▶ [Data]

——

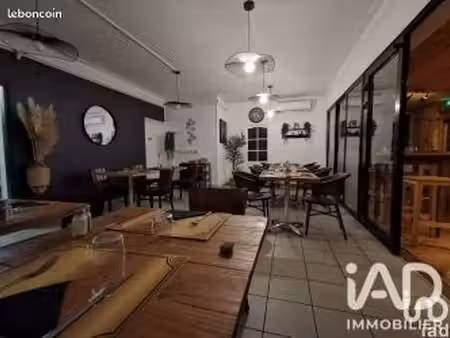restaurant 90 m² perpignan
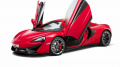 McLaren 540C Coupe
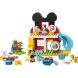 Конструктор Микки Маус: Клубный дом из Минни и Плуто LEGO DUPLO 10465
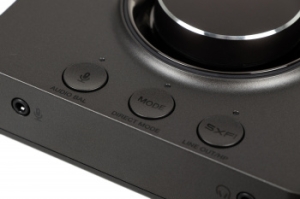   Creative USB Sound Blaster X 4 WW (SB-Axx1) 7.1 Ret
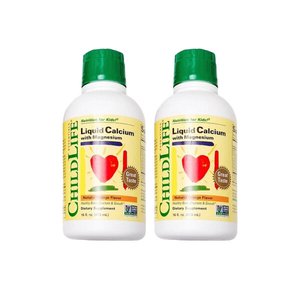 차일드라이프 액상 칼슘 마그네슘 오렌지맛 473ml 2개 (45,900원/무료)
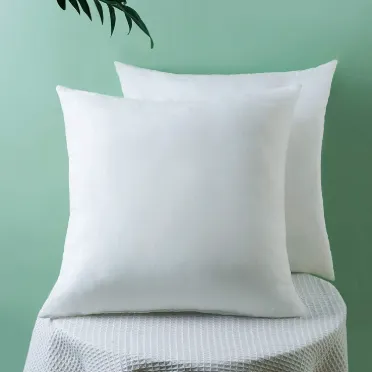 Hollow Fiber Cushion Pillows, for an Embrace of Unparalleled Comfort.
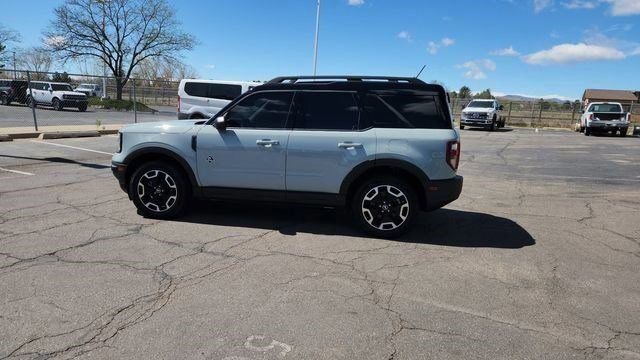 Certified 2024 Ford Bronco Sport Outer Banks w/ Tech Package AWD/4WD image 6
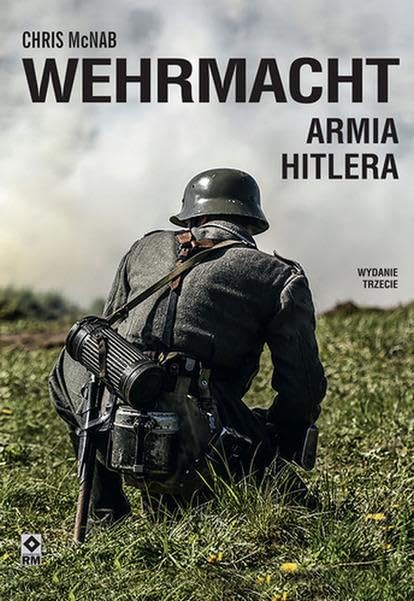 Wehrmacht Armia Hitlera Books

——

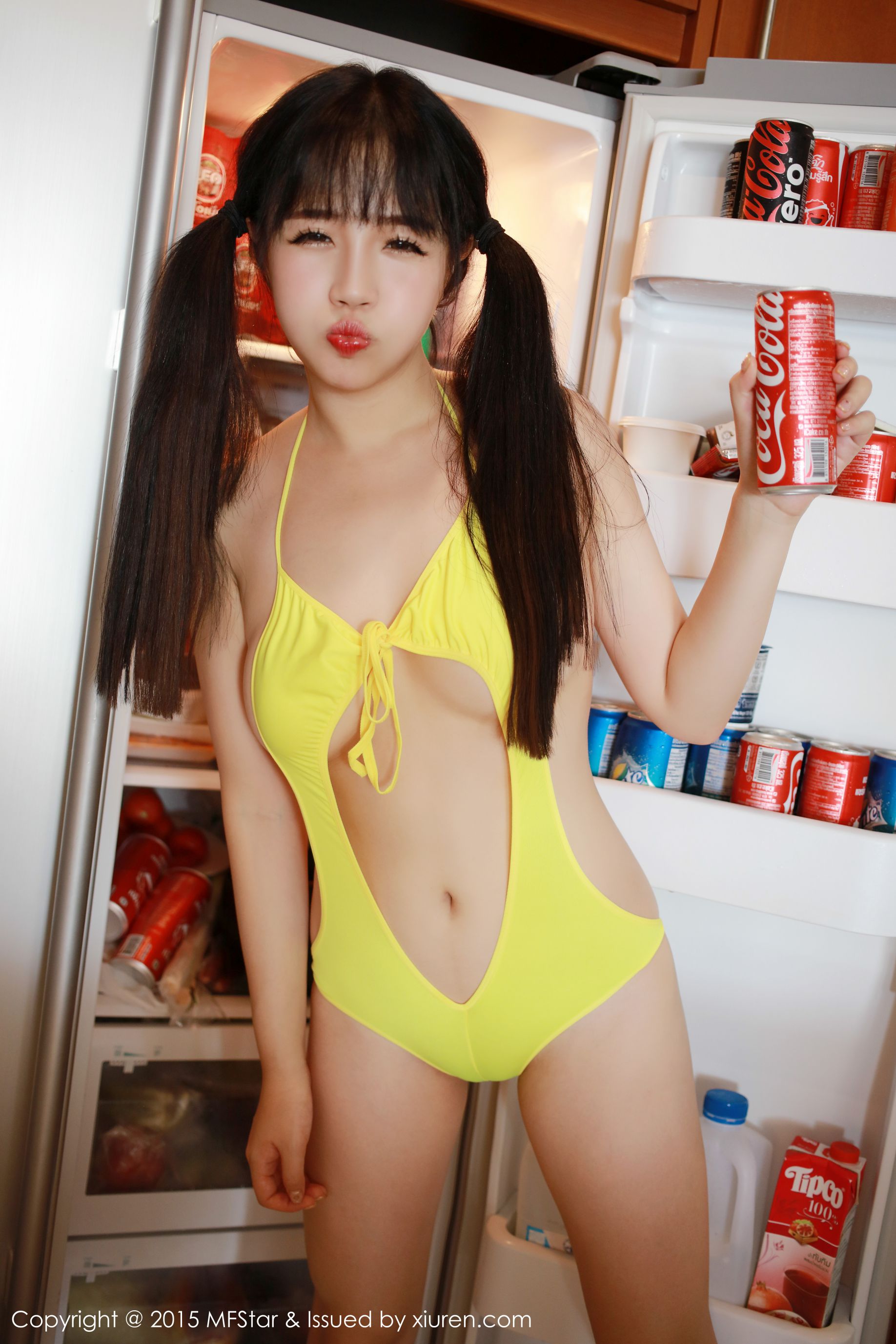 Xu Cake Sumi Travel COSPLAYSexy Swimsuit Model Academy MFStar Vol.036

——

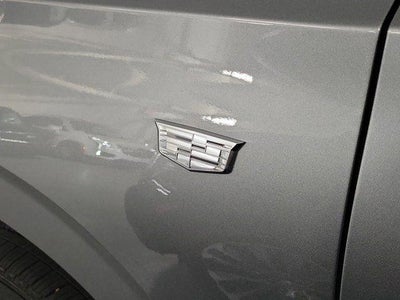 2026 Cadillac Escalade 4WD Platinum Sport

——

▶ [What the exercise asks] The line holding "Certified 2024 Ford" starts the copy and the line holding "Wehrmacht Armia Hitlera Books" ends it. Repeat those two lines above and all between them exactly, leaving out pictures.

▶ [Written solution]
 Certified 2024 Ford Bronco Sport Outer Banks w/ Tech Package AWD/4WD image 6
 Wehrmacht Armia Hitlera Books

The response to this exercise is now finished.